Difference between xterm uxterm
This means that I can't rely on the default loading of ~/.Xresources: I call xrdb -cpp m4 ~/path/to/my/Xresources explicitly from my. #include ".config/x11/xterm-common-Xresources"
Xresources file, include xterm-common.Xresources twice, once for each class name. Put the common definitions for XTerm and UXTerm in a separate file xterm-common.Xresources. However, you can solve your problem with cpp using include files. The main difference between XTerm and Terminal is that the gnome-terminal has more features, while XTerm is minimalistic (though it has features that are't in gnome-terminal, but they are more advanced). In particular, you can't have a line break in the expansion of a cpp macro, so you can't define a macro to expand to multiple X resources. UXTerm is XTerm with support to Unicode characters. Unfortunately, cpp is not very convenient for the X resource syntax. xrdb (the utility that loads X resources) uses the C preprocessor ( cpp) by default. The solution is to rely on the preprocessor. *XTerm means “ XTerm at any level of the hierarchy”, not “any name that ends with XTerm”. Wildcards match components, not individual characters inside components. In general, you can't do this with the basic X resource syntax alone. In this specific case, you could perhaps use ?.VT100.background: Blackīecause in practice, xterm is the only application with a VT100 widget.
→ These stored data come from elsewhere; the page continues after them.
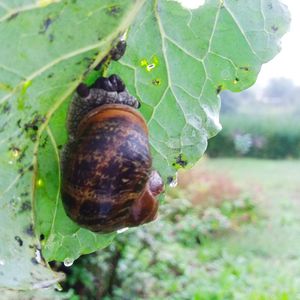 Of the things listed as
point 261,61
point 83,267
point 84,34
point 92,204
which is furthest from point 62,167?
point 83,267

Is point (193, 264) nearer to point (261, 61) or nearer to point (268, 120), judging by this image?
point (261, 61)

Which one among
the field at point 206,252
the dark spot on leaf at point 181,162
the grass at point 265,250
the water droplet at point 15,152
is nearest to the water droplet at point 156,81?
the dark spot on leaf at point 181,162

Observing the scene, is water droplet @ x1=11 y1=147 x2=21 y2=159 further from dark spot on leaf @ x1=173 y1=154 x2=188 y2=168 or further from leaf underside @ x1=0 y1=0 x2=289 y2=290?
dark spot on leaf @ x1=173 y1=154 x2=188 y2=168

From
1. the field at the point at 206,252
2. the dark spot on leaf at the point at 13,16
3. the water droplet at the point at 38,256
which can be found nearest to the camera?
the dark spot on leaf at the point at 13,16

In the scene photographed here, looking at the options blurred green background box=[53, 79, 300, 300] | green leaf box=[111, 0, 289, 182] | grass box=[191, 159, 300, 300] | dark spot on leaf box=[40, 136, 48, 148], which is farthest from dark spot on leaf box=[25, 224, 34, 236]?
grass box=[191, 159, 300, 300]

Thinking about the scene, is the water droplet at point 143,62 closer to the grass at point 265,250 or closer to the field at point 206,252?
the field at point 206,252

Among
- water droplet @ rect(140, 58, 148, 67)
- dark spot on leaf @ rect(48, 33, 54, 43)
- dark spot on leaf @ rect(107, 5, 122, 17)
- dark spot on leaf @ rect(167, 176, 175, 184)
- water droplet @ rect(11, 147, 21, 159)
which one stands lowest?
dark spot on leaf @ rect(167, 176, 175, 184)

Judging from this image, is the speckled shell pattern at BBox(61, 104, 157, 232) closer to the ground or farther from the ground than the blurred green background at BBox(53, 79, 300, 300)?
farther from the ground

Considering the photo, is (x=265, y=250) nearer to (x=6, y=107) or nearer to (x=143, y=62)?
(x=143, y=62)
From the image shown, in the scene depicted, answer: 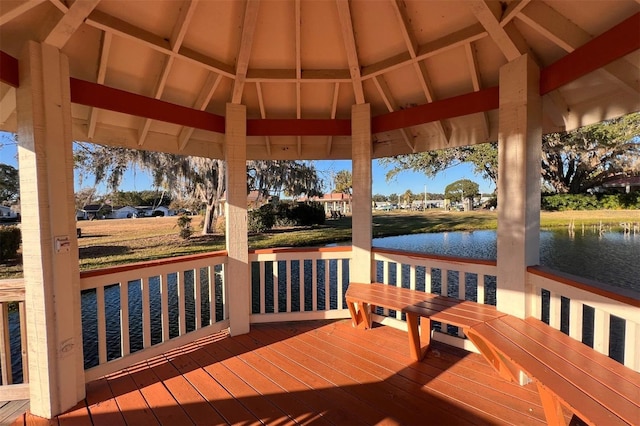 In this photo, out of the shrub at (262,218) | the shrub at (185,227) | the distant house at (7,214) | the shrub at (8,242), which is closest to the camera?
the shrub at (8,242)

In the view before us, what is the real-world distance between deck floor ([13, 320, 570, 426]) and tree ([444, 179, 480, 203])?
20174 mm

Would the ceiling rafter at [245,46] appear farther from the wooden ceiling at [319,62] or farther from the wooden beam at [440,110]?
the wooden beam at [440,110]

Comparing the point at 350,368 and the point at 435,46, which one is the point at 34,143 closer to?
the point at 350,368

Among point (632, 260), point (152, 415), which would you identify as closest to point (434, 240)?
point (632, 260)

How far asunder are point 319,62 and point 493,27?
5.31 ft

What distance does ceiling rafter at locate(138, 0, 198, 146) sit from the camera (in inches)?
91.3

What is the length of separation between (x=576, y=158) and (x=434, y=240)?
6.82 metres

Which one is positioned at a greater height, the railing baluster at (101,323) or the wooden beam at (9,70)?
the wooden beam at (9,70)

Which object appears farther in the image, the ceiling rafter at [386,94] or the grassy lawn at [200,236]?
Result: the grassy lawn at [200,236]

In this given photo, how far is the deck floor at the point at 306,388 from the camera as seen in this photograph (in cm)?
193

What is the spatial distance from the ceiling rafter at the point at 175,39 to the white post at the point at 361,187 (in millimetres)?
→ 1792

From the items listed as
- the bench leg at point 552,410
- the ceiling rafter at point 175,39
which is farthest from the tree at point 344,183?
the bench leg at point 552,410

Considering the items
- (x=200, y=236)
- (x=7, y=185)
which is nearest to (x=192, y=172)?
(x=200, y=236)

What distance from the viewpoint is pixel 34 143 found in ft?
6.15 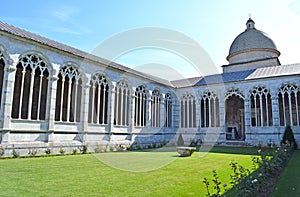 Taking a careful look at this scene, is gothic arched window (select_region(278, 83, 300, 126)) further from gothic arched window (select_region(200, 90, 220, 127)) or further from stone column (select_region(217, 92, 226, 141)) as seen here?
gothic arched window (select_region(200, 90, 220, 127))

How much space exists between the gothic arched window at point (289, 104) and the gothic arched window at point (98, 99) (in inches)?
607

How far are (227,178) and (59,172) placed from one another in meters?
5.40

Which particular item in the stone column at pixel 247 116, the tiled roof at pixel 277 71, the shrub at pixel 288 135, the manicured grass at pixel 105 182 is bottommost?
the manicured grass at pixel 105 182

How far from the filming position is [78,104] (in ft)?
51.3

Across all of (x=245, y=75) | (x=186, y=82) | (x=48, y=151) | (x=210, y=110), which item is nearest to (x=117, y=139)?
(x=48, y=151)

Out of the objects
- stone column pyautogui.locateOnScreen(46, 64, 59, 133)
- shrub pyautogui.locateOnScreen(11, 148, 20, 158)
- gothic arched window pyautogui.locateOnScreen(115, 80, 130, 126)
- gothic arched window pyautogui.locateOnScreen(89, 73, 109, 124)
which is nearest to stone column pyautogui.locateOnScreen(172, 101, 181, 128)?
gothic arched window pyautogui.locateOnScreen(115, 80, 130, 126)

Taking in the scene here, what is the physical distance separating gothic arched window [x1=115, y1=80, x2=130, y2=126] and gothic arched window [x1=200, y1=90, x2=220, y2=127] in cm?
912

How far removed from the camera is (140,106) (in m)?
20.5

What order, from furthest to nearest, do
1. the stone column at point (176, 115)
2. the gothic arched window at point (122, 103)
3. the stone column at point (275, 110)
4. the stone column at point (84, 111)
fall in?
the stone column at point (176, 115)
the stone column at point (275, 110)
the gothic arched window at point (122, 103)
the stone column at point (84, 111)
You can get two tiers of configuration this way, but if you want three tiers, this won't help. With these definitions, xterm -name light has a white background and has scroll bars. Note: 18.04 LTS and 19.04 are also affected by this problem (?), but the upcoming Ubuntu 19.10 uses MATE Terminal for such cases and it is great.If you want to have multiple XTerm configurations and choose one at invocation time, you can use a single class and multiple instance names: : Black What should I do with 1st clean installed machine to use MATE Terminal by default for desktop-file with Terminal=true set? Is it a bug or feature? I have invented a hack with creating symlink between GNOME Terminal and MATE Terminal: sudo ln -s /usr/bin/mate-terminal /usr/local/bin/gnome-terminal
#DIFFERENCE BETWEEN XTERM UXTERM MANUAL#
* 6 /usr/bin/mate-terminal.wrapper 30 manual mode There are 9 choices for the alternative x-terminal-emulator (providing /usr/bin/x-terminal-emulator).ġ /usr/bin/gnome-terminal.wrapper 40 manual mode The output: $ sudo update-alternatives -config x-terminal-emulator The 2nd laptop have GNOME Terminal previously installed and then htop is shown in gnome-terminal. $ gsettings list-recursively | grep -E "mate-terminal|gnome-terminal|xterm" The difference between the two is a bit mysterious still. Change the command to uxterm -e bash & and it comes up as desired, with black text on white, and a reasonable font size too. Got into that habit with rxvt, where 'rxvt &' was sufficient. Press to keep the current choice, or type selection number: uxterm & which came up with an empty 'xrdb -query' within the terminal, and the colors wrong. * 0 /usr/bin/mate-terminal.wrapper 30 auto modeģ /usr/bin/mate-terminal.wrapper 30 manual mode There are 5 choices for the alternative x-terminal-emulator (providing /usr/bin/x-terminal-emulator). Here is the debug $ sudo update-alternatives -config x-terminal-emulator`is the following: The 1st laptop with clean installation of Ubuntu MATE 16.04 LTS shows htop in xterm. This results in file with the following contents: $ cat sktop
The example file is generated by right mouse click and selecting Create Launcher.:
I have two laptops with almost similar settings inside Ubuntu MATE 16.04 LTS.īut there is a difference in the behavior of desktop-files with set Terminal=true.